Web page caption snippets
_ _ _ _ _ _ _

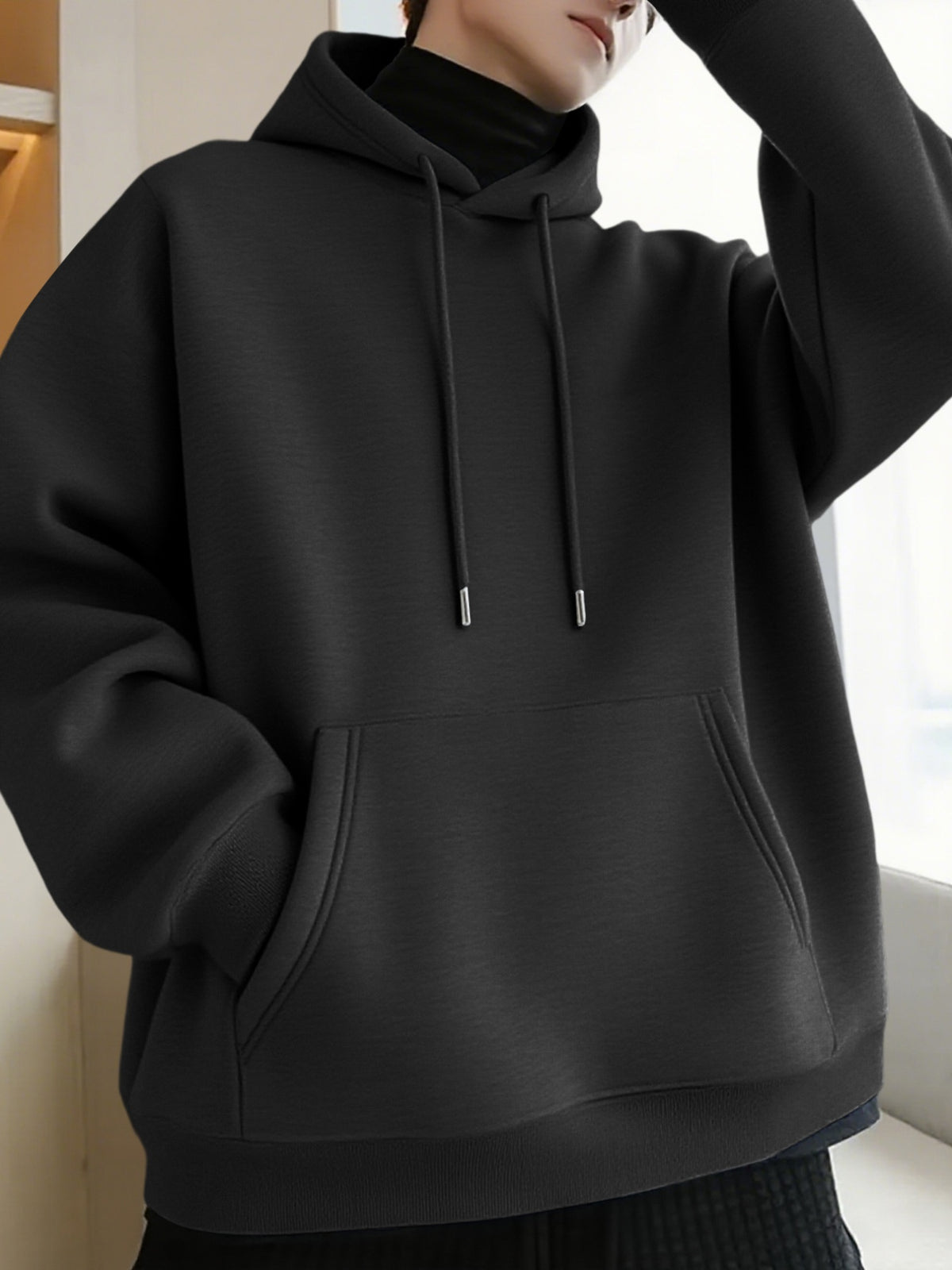 Thanksgiving Men's Hoodie with "AMOR" Blue Ink Splatter Graffiti Print on the Back, Warm and Comfortable Autumn/Winter Hooded Sweatshirt, Featuring a Practical Kangaroo Pocket, Trendy Brand-Style Stacked Letter Pattern and Floral Design - Black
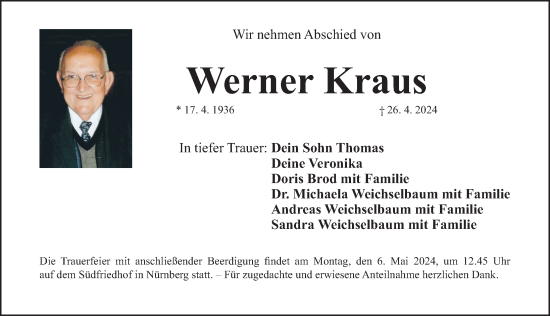Traueranzeige von Werner Kraus von Gesamtausgabe Nürnberger Nachrichten/ Nürnberger Ztg.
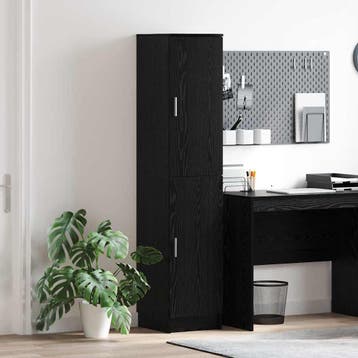 vidaXL buffetkast Zwart Eiken 35 x 39 x 168 cm, Huis en Inrichting, Minder dan 50 cm, Verzenden, Nieuw, Minder dan 100 cm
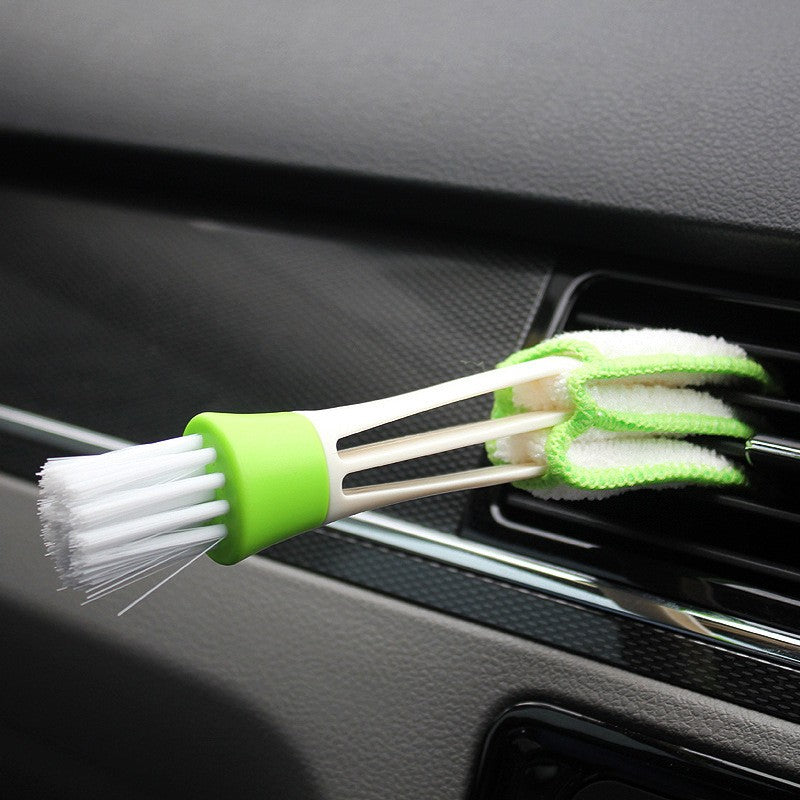 Perie Multifunctionala de Curatare, Flippy, pentru Ventilatie Auto, Doua Capete, Moale, Microfibra, Alb-Verde, 16.25cm-7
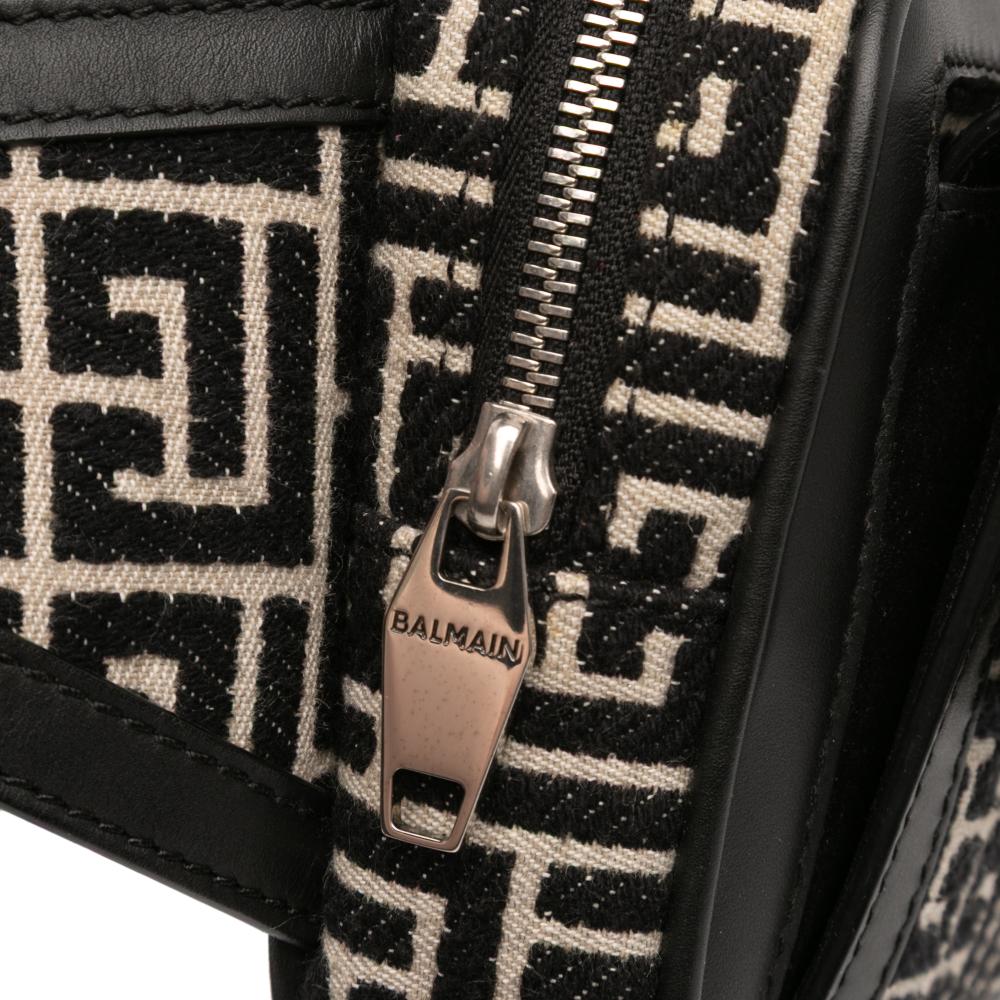 Balmain AB Balmain Black with Brown Light Beige Jacquard Fabric Monogram Leather Trimmed Belt Bag Italy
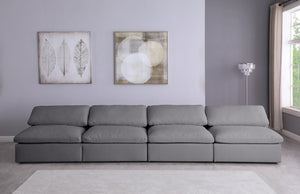 Carmen Cloud Modular Armless Sofa In Grey Linen Fabric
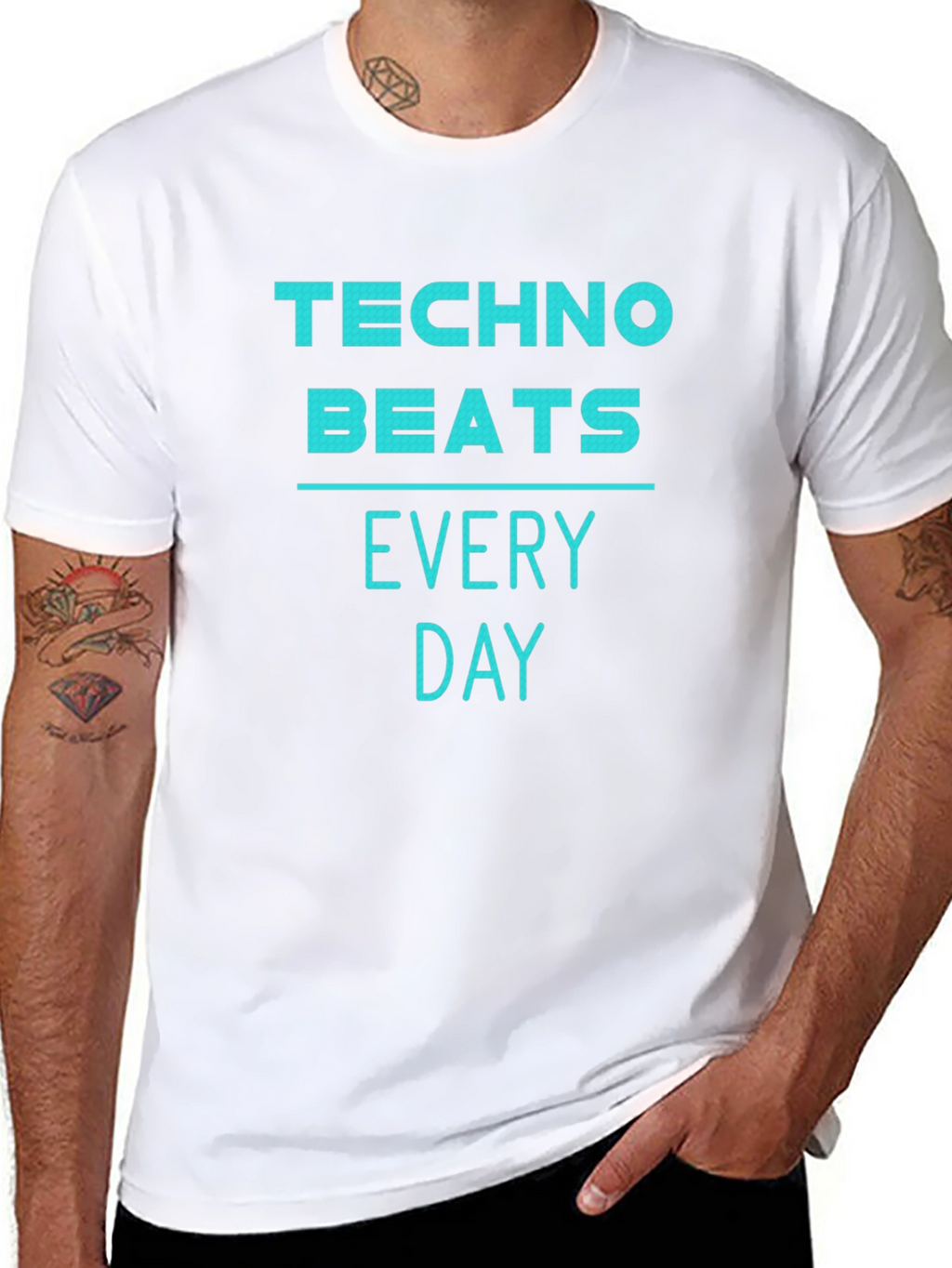 Techno Beats Every Day T-Shirt - Black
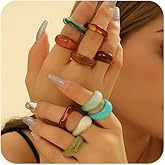 CIWEAI 10Pcs Chunky Resin Colorful Stack Statement Rings for Women Fashion Rainbow Stacked Knuckle Plastic Ring Trendy Cute Acrylic Stackable Jewelry Gifts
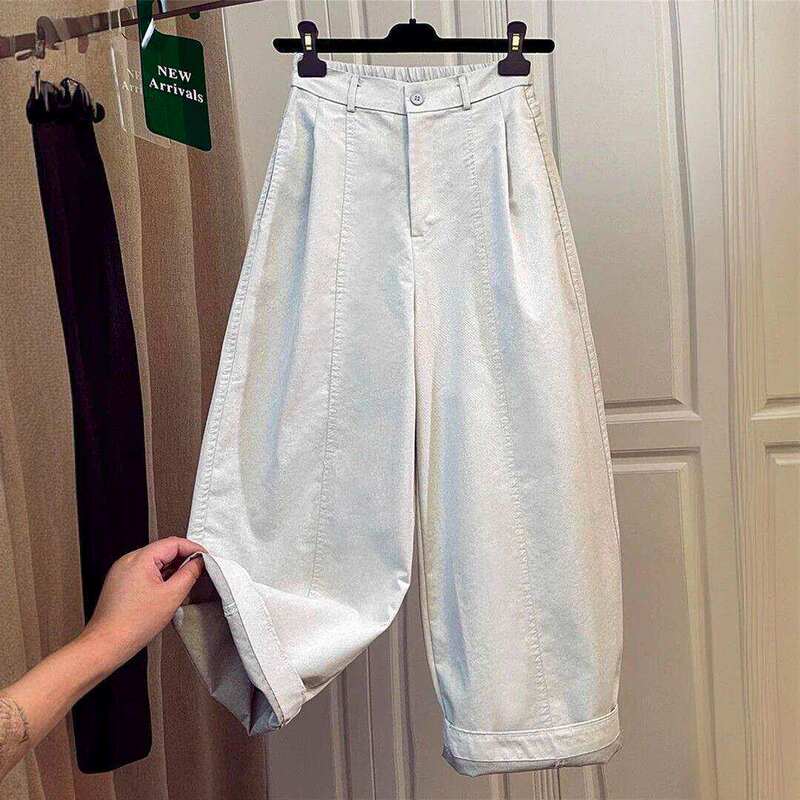 Nine-Point Curved Hem Jeans, Old Money Style, Thin Summer Women's Elastic Waist Casual Straight-Leg Balloon Pants Nine-Point Curved Hem Jeans, Old Money Style, Thin Summer Women's Elastic Waist Casual Straight-Leg Balloon Pants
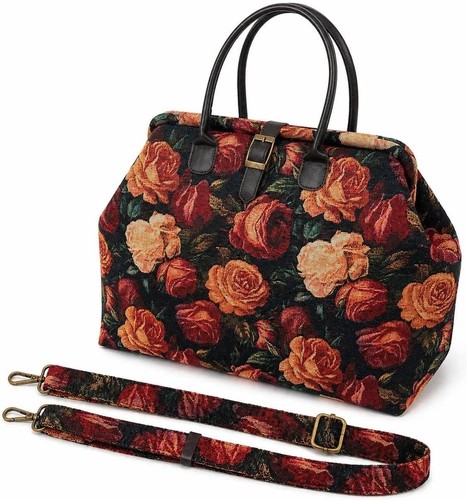 Vintage floral carpet bag - carpet,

_ _ _ _ _ _ _

◆ Prompt
The lines to reproduce run from the one above containing "Traueranzeige von Werner" through the one containing "CIWEAI 10Pcs Chunky". Copy them exactly and leave out all pictures.

◆ Answer box
Traueranzeige von Werner Kraus von Gesamtausgabe Nürnberger Nachrichten/ Nürnberger Ztg.
 vidaXL buffetkast Zwart Eiken 35 x 39 x 168 cm, Huis en Inrichting, Minder dan 50 cm, Verzenden, Nieuw, Minder dan 100 cm
 Perie Multifunctionala de Curatare, Flippy, pentru Ventilatie Auto, Doua Capete, Moale, Microfibra, Alb-Verde, 16.25cm-7
 Balmain AB Balmain Black with Brown Light Beige Jacquard Fabric Monogram Leather Trimmed Belt Bag Italy
 Carmen Cloud Modular Armless Sofa In Grey Linen Fabric
 Techno Beats Every Day T-Shirt - Black
 CIWEAI 10Pcs Chunky Resin Colorful Stack Statement Rings for Women Fashion Rainbow Stacked Knuckle Plastic Ring Trendy Cute Acrylic Stackable Jewelry Gifts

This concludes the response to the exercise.